Russell J. White, Baltimore, for appellant.

Robert L. Karwacki, Asst. Atty. Gen. (Thomas B. Finan, Atty. Gen., William J. O'Donnell and George J. Helinski, State's Atty., and Asst. State's Atty., respectively, for Baltimore City, Baltimore, on the brief), for appellee.

Argued Oct. 10, 1963, before BRUNE, C. J., and HAMMOND, PRESCOTT, HORNEY and SYBERT, JJ.

Reargued Dec. 2, 1963, before BRUNE, C. J., HENDERSON, HAMMOND, PRESCOTT, MARBURY and SYBERT, JJ., and JOHN B. GRAY, Jr., J., specially assigned.

JOHN B. GRAY, Jr., Judge.

The appellant was convicted in the Criminal Court of Baltimore (Harris, J.) on a charge of assault with intent to rape and two cases of assault involving a perverted sex practice. On this appeal, in addition to other contentions, he challenges the admissibility of certain evidence which was taken from him at the time of his arrest. It is claimed by the state that the defendant entered the business premises where the prosecuting witness was employed as a secretary, held her up at knife point and compelled her to forge a dozen of her employer's checks, payable to the defendant. There was evidence that after leaving the premises he cashed one of the forged checks, embarked on a drinking bout and some there hours later returned to commit the alleged assaults. He escaped from the premises upon being interrupted by an owner of the business. Subsequently he was arrested in Anne Arundel County in response to a 'look out' broadcast by Baltimore City police. At the time of his arrest, or in connection therewith, he was searched and there were found in his possession and offered in evidence at the trial, a pocket knife and a series of the forged checks. No warrant was issued for the defendant's arrest. He now contends that his apprehension was without probable cause, consequently his arrest was unlawful and that the evidence discovered on him should be suppressed.

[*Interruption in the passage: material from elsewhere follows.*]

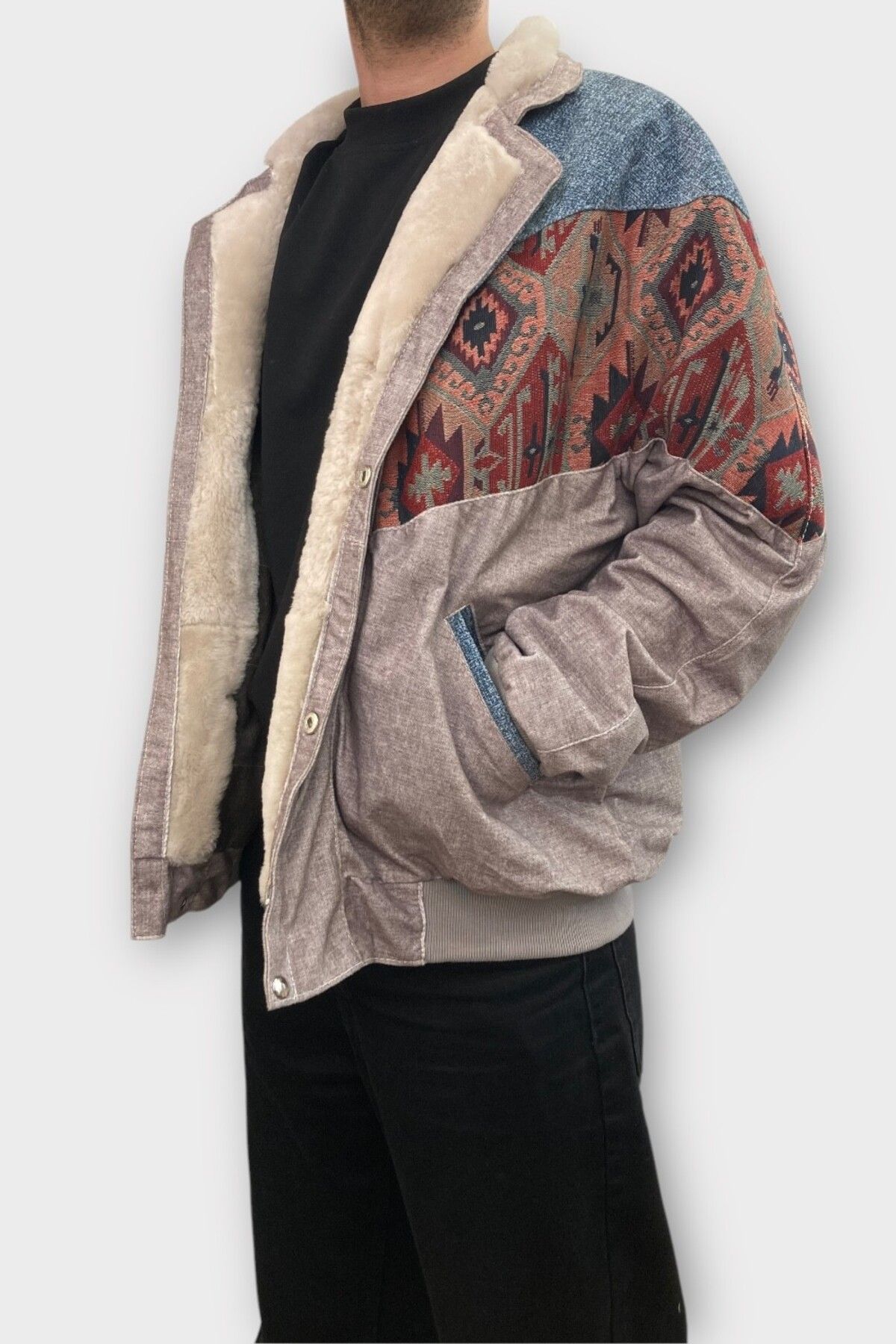 CANMODA (7338) 2XLARGE BEDEN KADIN & ERKEK OVERSIZE RETRO VINTAGE CEKET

The principles here involved are the same as those considered by the Court in the case of Edwardsen v. State, 231 Md. 332, 190 A.2d 84. In that case the conviction was reversed and a new trial ordered because the record below was so unsatisfactory that it was impossible to determine whether the appellant had been arrested for probable cause. We adhere to the principles enunciated for the Court in that case by Judge Prescott but conclude, on the facts established by this record, that there was probable cause for the apprehension of Farrow.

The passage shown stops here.